Ultrasonography remains the cornerstone of fetal imaging in fetuses in whom hydrops fetalis is suspected. Sonograms demonstrate the cardinal signs of the disease—namely, fetal skin edema (>5 mm) (see ithe mages below), fluid in a serous cavity, polyhydramnios, and a thickened placenta. These signs can be seen in different combinations and to differing extents in various diseases. ^[17] Additional findings, depending on the specific etiology causing the fetal hydrops, are occasionally seen as well. ^{[18, 19]}

The minimum diagnostic criteria include the following: fluid accumulation in at least 2 serous cavities (ascites, pleural effusion, or pericardial effusion) or 1 serous effusion and generalized anasarca. A single site of fluid accumulation is generally not enough to diagnose hydrops fetalis unless a preexisting pathology that is strongly associated with this condition (eg, chest mass) is also present.

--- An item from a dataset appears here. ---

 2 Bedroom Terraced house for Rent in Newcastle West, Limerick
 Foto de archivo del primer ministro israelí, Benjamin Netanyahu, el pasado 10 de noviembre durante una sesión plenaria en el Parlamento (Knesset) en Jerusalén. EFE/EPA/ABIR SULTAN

A few conditions mimic full-blown hydrops fetalis, but individual components of hydrops fetalis can be seen in other conditions, even as normal variants.

Normal fetal hair and a thick scalp can occasionally be seen, and this finding must be differentiated from skin edema (see the images below). Similarly, cystic hygromas and loops of cord near the body wall can suggest skin thickening. Occasionally, a thick layer of subcutaneous fat may cause confusion.

Thick, folded skin, occasionally termed crocodile skin, is a normal variant that can cause confusion with skin edema (see the image below).

A congenital cystic adenomatoid malformation of the lung, a diaphragmatic hernia, and a bronchogenic cyst can suggest pleural effusions.

Pseudoascites, obstructed or mature bowel, fetal abdominal cysts, and an obstructed urinary system can mimic ascites. Pseudoascites refers to an artifactual hypoechoic rim that is sometimes seen in the fetal abdomen; this is due to hypoechoic, deep abdominal wall muscles or the diaphragm. Pseudoascites usually disappears when scanning is performed from another direction.

Other features that differentiate pseudoascites from ascites are as follows:

• Pseudoascites is not seen past the anterior edge of the ribs.
• Pseudoascites is confined to the upper abdomen, unlike ascites, which is diffuse.
• With ascites, the hyperechoic outer margin of the umbilical vein can be seen, as can the falciform ligament.
• A small pericardial effusion (< 2 mm) is usually physiologic.